The Nafas al Rachman or Breath of the Compassionate is both a pattern and a concept in Islamic sacred geometry and art. Composed of interlocking eight pointed stars and cross shapes that alternately expand and contract, the pattern visually conveys a sense of inhalation and exhalation and represents the process by which the Creator “breathes” out and manifests form. This act of creation is also an act of compassion for immaterial, spiritual forms that yearn to exist in the material universe and for the Creator himself, who, like the human artist, experiences pain at the suppression of creativity.

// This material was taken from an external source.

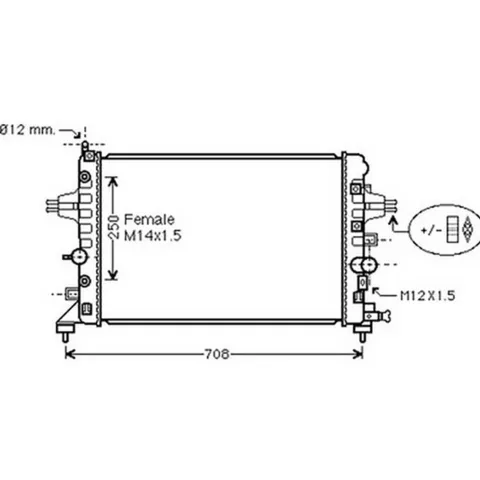 Radiateur de refroidissement moteur pour OPEL ZAFIRA B ph.1 2005-2008, OEM: 1300285, Neuf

This pattern is a particularly apt subject and metaphor for artistic creation and experimentation. As Keith Crichton, a master of Islamic sacred geometry, observes, “Through the polar cycle of the divine breath the universe is periodically created, maintained, dissolved, and renewed … More than just an ornamental motif, the Breath of the Compassionate is a cosmological model symbolizing the interplay of polarities that manifest form.”
This sense of playful, yet reverent [re]cycling of creation is my conceptual starting point. After traditionally executing the pattern with compass and ruler on paper, I deviate from the “perfect” expression of the pattern by introducing deliberate errors to create new, imperfect variations. Many of these new patterns become the basis for paper designs that are output via laser cutter and screen printer, then hand-finished with pencil, ink and collage.